Adding to the confusion are NEER and REER. NEER is nominal effective exchange rate; it's the exchange rate of A versus a weighted basked of other currencies. It's the closest you can come to talking about A without talking about A/X. It's A vs the crowd. REER (real effective exchange rate) is the same thing but each currency, including A, is adjusted for local inflation. Note that the rate called "real" doesn't correspond to a real number that you could get at an exchange window. Timor-Leste's banking authority has a nice explanation

China. The yuan dropped dramatically from 1980 from 1980 to 1993, as measured against the dollar, against a basket, or against an inflation-adjusted basket. The rate against the dollar has been fixed or nearly fixed ever since, but the real and nominal rates have fluctuated.

Chile has tried many different exchange rate policies. When the inflow of US dollars started to decline in 1982/83. Huge recession; real exchange rate plummets due to high local inflation.

Malaysia.

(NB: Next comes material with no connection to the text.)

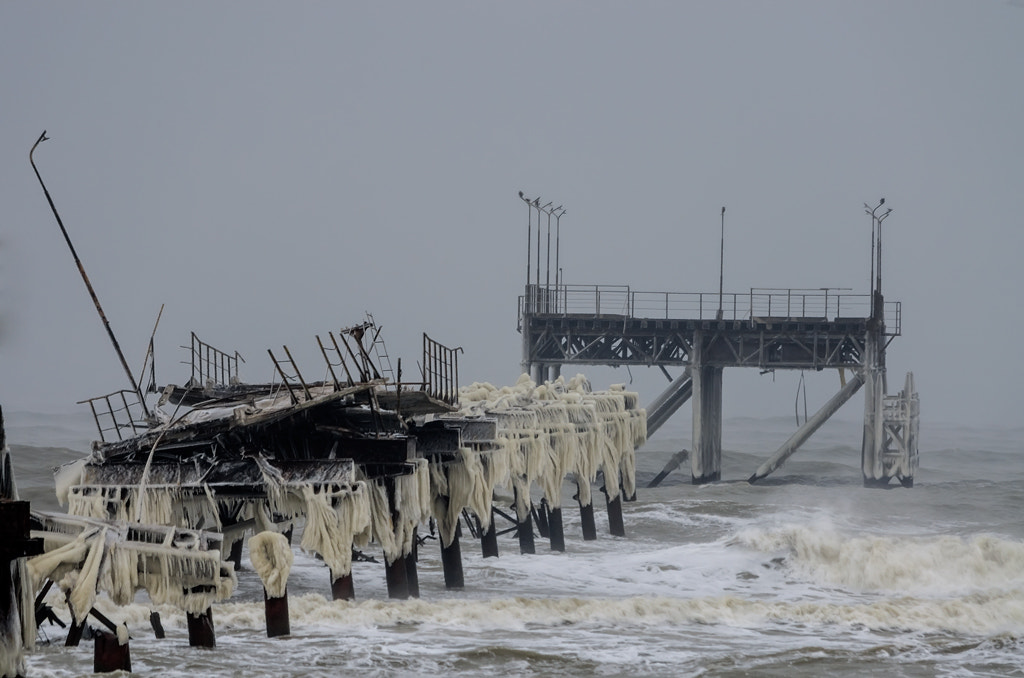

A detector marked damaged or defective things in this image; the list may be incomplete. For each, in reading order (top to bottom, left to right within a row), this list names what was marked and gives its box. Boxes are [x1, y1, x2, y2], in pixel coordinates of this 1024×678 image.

bent metal railing [524, 284, 901, 337]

Huge shock in 1997 as the ringgit plummets by every measure. About 3 minutes into a 5 minute presentation, after much discourse, the first of two partners says "I'm going to start with ...". Sigh. What's the secret to public speaking? Practice. This is the very last class presentation of the semester, and it ends up going 8 minutes. Is there the slightest hint that anybody's practiced for any presentation all semester long? Nope. The second partner for this presentation started at 4:30. Minute seven is too late to offer "a short explanation of short selling". This is the same pattern that shows up in a lot of papers: asked for a two-page memo, many produce four or five. I wonder how much this reflects peoples' work habits? Do most produce big brain dumps on every angle imaginable to prove mastery of the subject? This is the absolute opposite of my style, which is to try and find a handful of important points and ignore the rest. Maybe that's a project manager's instinct to rein in scope at all times. The secret of prioritizing is not in what you make number one, it's in what you choose to ignore.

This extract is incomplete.